If, like me, Christmas always seems to come to a halt before you’re quite ready, consider this an excuse to shamelessly prolong the festivities. I know - you’re welcome.
The world’s Christmas rhythm tends to go a little something like this: the season starts nice and early, it’s slow and subtle at first, but before we know it our days are filled with mince pies and Mariah Carey. This is all in anticipation for THE day, of course. Once that’s over we have ourselves the Crimbo Limbo - you know that week where you barely get dressed and you steadily make your way through eight tubs of celebrations and all the cheese you can get your hands on. This hazy week culminates in New Years, and then… it’s done. We move into the new year, leaving Christmas in the last one.
And that can feel a little abrupt, right? It can leave us with a case of festive whiplash.
Well, for Christians, that’s not the end of the party. Here’s how the church works its way through the season: it kicks of with advent, the four weeks before Christmas Day where we fix our eyes on everything that the first Christmas brought with it. Then we have Christmas day… and then, we have the twelve days of Christmas. That’s right, those twelve days start on Christmas day and take us all the way to the 6th January.

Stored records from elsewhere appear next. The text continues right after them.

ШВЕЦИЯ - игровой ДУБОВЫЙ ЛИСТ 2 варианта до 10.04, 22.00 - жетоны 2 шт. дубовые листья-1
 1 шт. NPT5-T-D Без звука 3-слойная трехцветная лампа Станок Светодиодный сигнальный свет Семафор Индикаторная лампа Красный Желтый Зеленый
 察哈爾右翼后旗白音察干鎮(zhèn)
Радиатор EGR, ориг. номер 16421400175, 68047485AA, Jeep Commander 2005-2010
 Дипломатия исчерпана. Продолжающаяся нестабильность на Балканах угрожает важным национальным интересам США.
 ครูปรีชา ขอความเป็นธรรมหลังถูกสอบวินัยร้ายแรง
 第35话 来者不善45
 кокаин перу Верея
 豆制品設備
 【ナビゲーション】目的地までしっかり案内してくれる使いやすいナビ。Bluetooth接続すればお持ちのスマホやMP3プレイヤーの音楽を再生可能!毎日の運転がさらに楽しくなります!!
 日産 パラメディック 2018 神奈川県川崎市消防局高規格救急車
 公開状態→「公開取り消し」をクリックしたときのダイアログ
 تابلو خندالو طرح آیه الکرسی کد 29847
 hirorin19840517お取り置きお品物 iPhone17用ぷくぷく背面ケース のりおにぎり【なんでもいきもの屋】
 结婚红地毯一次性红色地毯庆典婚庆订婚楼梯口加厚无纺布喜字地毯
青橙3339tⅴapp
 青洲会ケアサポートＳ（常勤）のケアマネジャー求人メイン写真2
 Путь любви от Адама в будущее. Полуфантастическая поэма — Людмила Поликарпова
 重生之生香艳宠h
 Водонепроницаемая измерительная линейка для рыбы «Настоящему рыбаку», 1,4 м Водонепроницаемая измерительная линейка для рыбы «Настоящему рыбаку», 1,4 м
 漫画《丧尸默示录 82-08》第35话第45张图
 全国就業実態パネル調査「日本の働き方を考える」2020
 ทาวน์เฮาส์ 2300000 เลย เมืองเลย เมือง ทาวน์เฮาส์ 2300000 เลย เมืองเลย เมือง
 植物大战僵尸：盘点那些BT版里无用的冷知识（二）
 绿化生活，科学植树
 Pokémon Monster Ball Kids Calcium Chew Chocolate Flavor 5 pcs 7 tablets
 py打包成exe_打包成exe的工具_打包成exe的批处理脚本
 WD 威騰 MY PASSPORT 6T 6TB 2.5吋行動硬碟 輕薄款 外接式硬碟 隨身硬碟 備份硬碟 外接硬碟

I know what you’re thinking, I always thought it was just an annoyingly long song too (you’re humming it in your head right now, aren’t you?!). But actually, the Twelve Days of Christmas is so much deeper than that.
Those twelve days are in honour of the mysterious Magi (most commonly refered to as the three wise men). We know basically nothing about these people, other than the fact that the universe was quite literally shaken by Jesus’ arrival and the Magi noticed. God used the stars they knew so well to get their full attention and announce that Jesus had just changed everything.
The Epiphany reminds us that Jesus’ birth had impact. It did then, and it still does now. It still has consequences, it’s still changing things, it is still news too joyous to be contained in one day.
As a result, these mysterious people gave up so much just to see Jesus’ face, their journey to find him shows us what it looks like to take God at his word. Tradition tells us that this journey to Jesus took the Magi twelve days, in reality, we don’t really know how long this journey took them, it could have been up to two years, but maybe two years of Wham and the Pogues would be pushing it! The exact timings aren’t really what matter here. What matters is that the Twelve Days of Christmas (culminating on January 6th AKA The Epiphany AKA the day the Magi arrived) reminds us that Jesus’ birth had impact. It did then, and it still does now. It still has consequences, it’s still changing things, it is still news too joyous to be contained in one day.
So maybe it’s not only acceptable to prolong the joy until 6th January, maybe it’s a helpful and even holy rhythm. Maybe it’s the perfect time to remind ourselves that the goodness of Jesus moving into the neighbourhood will spill over into the year ahead of us. 2022, whatever it may look like for you, will be yet another year of Jesus being the right-here-with-us God, perhaps setting aside an extra few days to fully process and celebrate that is no bad thing. Christmas is, after all, a 365-day reality.
So, to sum up: you have full and complete permission to keep on celebrating until 5th of January. And don’t let anyone tell you otherwise. Don’t thank me, thank those mysterious Magi guys.